Pour une fois que j’allais faire des courses, je faillis déclencher une émeute !
A la sortie du magasin, un attroupement s’était formé. De l’autre côté de la rue, deux belles jeunes femmes attendaient, vêtues de longues robes, l’une rouge et l’autre verte, et parées de somptueux bijoux.
– Tu crois qu’c’est un mariage ? demanda une femme devant moi.
– Un mariage !? s’écria sa voisine. Une mariée en rouge ou en vert ?
Personnellement, je n’y voyais aucun inconvénient. La couleur blanche, traditionnelle chez nous comme symbole de pureté, ne l’est peut-être pas ailleurs.
– Excusez-moi, dit une voix masculine à côté de moi. Il ne s’agit pas d’un mariage mais d’une circoncision.

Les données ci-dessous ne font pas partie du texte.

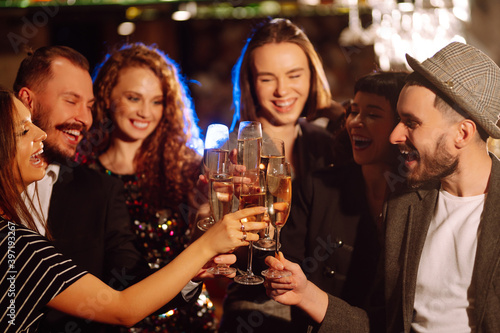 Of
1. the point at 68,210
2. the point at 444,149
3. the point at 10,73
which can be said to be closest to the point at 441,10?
the point at 444,149

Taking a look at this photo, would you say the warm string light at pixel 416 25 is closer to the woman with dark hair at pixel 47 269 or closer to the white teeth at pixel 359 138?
the white teeth at pixel 359 138

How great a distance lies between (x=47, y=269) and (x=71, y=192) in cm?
67

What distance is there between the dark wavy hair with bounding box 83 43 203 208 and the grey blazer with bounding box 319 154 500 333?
3.71 ft

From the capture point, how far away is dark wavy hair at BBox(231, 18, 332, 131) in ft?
8.30

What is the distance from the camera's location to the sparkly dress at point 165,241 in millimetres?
2443

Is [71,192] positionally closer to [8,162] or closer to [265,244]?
[8,162]

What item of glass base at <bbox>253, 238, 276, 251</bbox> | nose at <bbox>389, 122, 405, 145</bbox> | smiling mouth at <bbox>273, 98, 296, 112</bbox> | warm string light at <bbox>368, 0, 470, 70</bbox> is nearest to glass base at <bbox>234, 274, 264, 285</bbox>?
glass base at <bbox>253, 238, 276, 251</bbox>

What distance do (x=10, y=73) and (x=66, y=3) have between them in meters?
1.59

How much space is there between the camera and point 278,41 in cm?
250

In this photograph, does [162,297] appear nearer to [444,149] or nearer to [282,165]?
[282,165]

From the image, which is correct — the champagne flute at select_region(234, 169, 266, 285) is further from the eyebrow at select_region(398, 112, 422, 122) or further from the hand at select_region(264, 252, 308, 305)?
the eyebrow at select_region(398, 112, 422, 122)

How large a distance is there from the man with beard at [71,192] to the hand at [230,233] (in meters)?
0.46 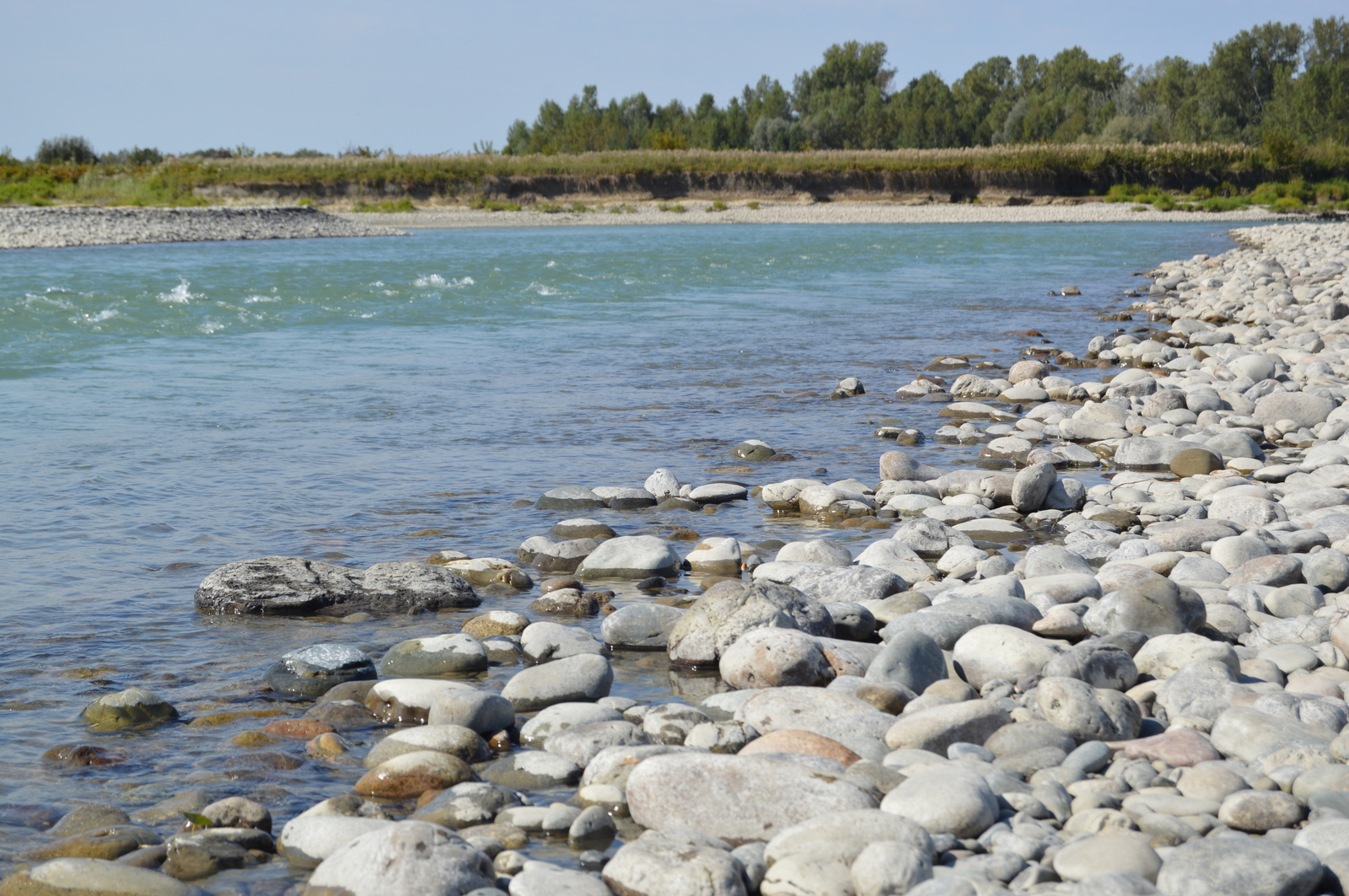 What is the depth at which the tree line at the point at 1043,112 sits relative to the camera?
67.7 metres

Le jeune homme qui venait de parler, la trentaine très élégante, de toute évidence d’origine arabe, s’était exprimé dans un français impeccable.
– Mais c’est interdit ! beugla une femme. C’est interdit de faire ça aux p’tites filles !

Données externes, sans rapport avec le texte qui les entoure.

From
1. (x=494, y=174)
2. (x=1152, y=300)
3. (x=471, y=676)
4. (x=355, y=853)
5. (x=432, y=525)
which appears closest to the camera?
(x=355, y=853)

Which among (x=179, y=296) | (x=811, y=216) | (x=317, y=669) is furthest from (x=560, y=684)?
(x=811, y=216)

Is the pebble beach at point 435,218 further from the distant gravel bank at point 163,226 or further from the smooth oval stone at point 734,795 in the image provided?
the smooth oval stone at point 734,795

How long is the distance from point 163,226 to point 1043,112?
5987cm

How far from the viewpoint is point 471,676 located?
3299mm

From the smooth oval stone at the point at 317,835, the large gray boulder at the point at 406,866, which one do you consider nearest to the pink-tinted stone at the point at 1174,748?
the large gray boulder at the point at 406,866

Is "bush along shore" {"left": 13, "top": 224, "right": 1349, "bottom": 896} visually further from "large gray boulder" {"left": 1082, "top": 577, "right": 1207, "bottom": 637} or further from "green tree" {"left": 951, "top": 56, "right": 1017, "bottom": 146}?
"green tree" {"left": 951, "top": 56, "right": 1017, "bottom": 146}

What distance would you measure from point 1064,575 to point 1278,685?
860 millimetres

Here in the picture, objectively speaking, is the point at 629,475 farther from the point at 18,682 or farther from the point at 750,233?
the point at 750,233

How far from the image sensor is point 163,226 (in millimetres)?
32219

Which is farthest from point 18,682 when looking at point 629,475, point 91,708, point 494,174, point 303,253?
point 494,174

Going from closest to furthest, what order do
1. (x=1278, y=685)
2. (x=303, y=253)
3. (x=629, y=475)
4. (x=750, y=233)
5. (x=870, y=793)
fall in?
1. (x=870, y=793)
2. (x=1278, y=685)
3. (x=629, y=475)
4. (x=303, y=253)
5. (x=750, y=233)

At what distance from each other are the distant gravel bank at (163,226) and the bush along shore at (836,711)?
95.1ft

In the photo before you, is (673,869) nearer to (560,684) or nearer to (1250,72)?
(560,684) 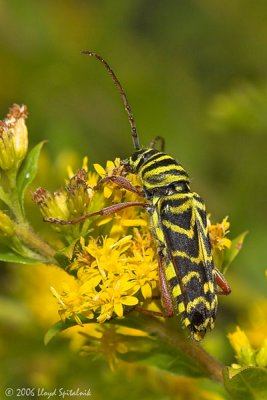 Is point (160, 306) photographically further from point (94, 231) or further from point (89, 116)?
point (89, 116)

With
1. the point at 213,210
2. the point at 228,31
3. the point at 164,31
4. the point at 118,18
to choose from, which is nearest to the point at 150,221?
the point at 213,210

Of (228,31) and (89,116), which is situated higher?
(228,31)

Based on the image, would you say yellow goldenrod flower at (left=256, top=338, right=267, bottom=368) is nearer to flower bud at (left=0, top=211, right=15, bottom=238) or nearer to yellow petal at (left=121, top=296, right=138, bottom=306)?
yellow petal at (left=121, top=296, right=138, bottom=306)

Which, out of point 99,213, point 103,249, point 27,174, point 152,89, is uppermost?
point 152,89

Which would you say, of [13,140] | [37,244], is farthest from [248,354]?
[13,140]

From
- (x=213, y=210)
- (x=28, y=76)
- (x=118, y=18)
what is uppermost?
(x=118, y=18)

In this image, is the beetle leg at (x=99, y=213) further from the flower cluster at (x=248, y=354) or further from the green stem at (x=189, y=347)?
the flower cluster at (x=248, y=354)

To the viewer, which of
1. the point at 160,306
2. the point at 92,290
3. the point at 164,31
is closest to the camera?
the point at 92,290

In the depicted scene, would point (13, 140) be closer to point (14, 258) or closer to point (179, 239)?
point (14, 258) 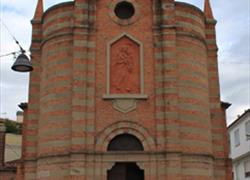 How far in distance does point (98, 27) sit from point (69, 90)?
12.5 feet

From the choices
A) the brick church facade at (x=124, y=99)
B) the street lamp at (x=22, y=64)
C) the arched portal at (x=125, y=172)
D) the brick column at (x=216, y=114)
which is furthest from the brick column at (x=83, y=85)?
the brick column at (x=216, y=114)

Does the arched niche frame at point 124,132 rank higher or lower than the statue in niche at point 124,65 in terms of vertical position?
lower

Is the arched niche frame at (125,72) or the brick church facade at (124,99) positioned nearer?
the brick church facade at (124,99)

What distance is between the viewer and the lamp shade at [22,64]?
15.3 metres

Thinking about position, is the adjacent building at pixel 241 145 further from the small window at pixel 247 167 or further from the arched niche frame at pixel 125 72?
the arched niche frame at pixel 125 72

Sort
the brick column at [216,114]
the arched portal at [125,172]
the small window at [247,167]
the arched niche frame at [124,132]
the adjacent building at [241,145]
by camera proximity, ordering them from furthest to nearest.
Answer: the small window at [247,167]
the adjacent building at [241,145]
the brick column at [216,114]
the arched portal at [125,172]
the arched niche frame at [124,132]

Interloqué par la violence du ton, le jeune homme reprit rapidement contenance.
– Pardonnez-moi, Madame, mais la circoncision ne concerne que les enfants mâles.

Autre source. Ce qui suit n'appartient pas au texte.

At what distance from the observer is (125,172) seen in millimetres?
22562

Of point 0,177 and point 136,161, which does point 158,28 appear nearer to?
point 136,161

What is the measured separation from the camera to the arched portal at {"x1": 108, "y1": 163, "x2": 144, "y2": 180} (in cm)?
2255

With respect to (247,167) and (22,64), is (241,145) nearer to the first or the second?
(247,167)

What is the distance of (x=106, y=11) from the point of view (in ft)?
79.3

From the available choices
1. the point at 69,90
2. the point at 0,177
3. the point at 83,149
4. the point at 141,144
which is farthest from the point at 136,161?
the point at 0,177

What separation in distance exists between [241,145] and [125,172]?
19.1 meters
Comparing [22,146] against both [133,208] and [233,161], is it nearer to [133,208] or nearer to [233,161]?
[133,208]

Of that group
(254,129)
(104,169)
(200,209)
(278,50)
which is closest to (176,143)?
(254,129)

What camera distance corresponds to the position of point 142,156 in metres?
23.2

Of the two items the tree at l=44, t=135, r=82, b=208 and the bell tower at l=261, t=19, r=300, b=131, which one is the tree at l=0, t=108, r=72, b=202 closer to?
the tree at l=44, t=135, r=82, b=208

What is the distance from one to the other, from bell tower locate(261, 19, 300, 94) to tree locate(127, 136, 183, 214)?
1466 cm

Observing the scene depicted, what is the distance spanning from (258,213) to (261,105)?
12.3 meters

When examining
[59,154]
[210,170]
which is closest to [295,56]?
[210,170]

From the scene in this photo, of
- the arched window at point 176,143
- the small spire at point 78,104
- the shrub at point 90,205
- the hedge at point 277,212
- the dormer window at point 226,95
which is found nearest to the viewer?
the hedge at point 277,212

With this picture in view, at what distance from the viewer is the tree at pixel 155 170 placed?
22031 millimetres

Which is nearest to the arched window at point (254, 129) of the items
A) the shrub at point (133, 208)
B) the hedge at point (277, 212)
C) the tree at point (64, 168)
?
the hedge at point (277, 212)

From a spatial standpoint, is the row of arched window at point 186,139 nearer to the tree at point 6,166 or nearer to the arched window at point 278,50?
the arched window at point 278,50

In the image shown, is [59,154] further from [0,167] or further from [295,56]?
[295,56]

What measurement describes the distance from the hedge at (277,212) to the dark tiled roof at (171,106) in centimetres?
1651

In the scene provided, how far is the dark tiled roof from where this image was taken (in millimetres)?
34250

La brave dame avait en effet confondu circoncision et excision !
Une voix s’éleva et appela dans une langue que je ne comprenais pas, peut-être en turc à en juger par les drapeaux qui ornaient les voitures, dont certaines, de grosses cylindrées allemandes, étaient immatriculées en Allemagne et aux Pays-Bas. Le jeune homme s’inclina et s’éloigna, la tête haute, dans son costume superbement taillé.
Le silence revint dans le groupe de badauds.
– Non mais vous l’avez entendu ? reprit soudain la mégère. Pour qui ça’s’prend pour nous parler comme ça ?!? C’est-y pas qu’y voulait nous faire la morale avec son air de maître d’école ?
La situation devenait cocasse. Alors que l’on reproche souvent aux jeunes des banlieues de parler rebeu, voilà qu’on vilipendait ce jeune homme qui semblait manier la langue de Molière mieux que nous tous réunis. Mais peut-être était-ce là que le bât blessait !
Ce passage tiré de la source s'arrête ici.